Dua puluh dua

219 40 2
                                    

Fiki menyipitkan mata kala cahaya matahari terasa tajam memasuki retina. Ia menyugar rambutnya, menggantung helm pada stang motor, lanjut dengan menenteng paper bag berisikan kue kering yang tadi ia buat bersama Mamah dan kedua kakaknya.

Persoalan ayahnya yang datang ke rumah dengan tiba-tiba sempat membuat keributan. Fajri yang emosional tentu tak membiarkan pria itu memasuki rumah, lalu mamah yang menangis meminta pria itu segera pergi. Akhirnya dengan segala kata usiran, orang yang dulu mereka panggil pahlawan itu pergi meninggalkan rumah. Fiki tidak tau, apakah ia harus senang atau sedih atau bahkan marah, ia sulit memberi ekspresi, tapi tentu nalurinya sebagai seorang anak, ia merindukan sang ayah.

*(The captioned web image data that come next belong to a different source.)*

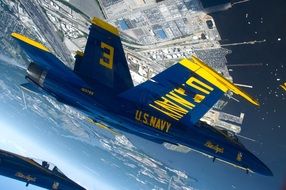 airplane of blue angels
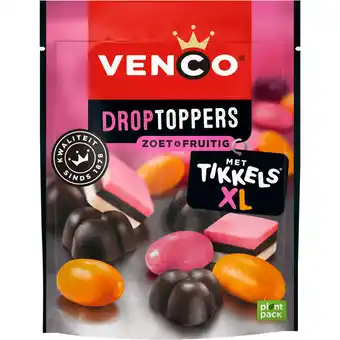 Dekamarkt Venco Droptoppers zoet-fruitig aanbieding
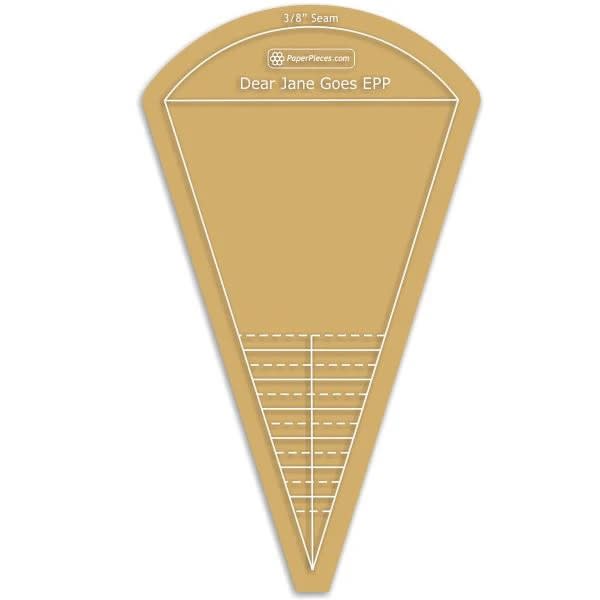 VintageandVogue com: Dear Jane Quilt Triangle Acrylic Template 3/8 in
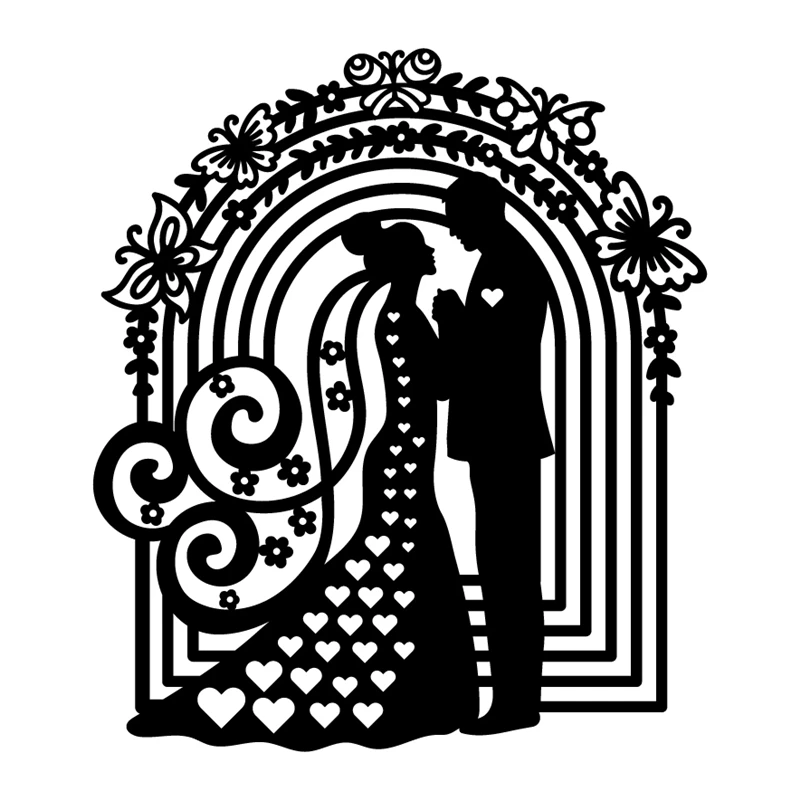 

DiyArts Wedding Dies Scrapbooking Metal Cutting New 2019 Valentine Craft Dies for Cards Making Steel Embossing Stencil Folder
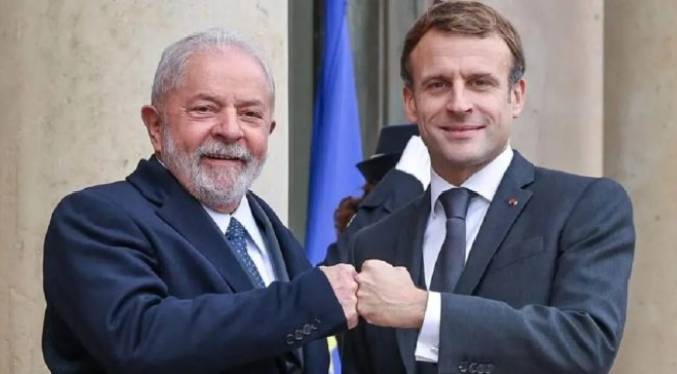Lula y Macron se dicen satisfechos por los acuerdos entre Gobierno y oposición venezolana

Kamar Violet, tempat dimana Ze dirawat. Iya, Fiki mengunjungi gadis itu, setelah beberapa hari yang lalu gadis itu mengatakan sedikit lukanya.

Hendak membuka pintu, daun pintu itu terlebih dahulu terbuka lebar. Fiki meringsut mundur satu langkah, seorang wanita paruh baya lengkap dengan pakaian formalnya dan tatapan tajam, berhadapan langsung dengan Fiki. Siapa? Ibunya Ze? Fiki mencoba menebak.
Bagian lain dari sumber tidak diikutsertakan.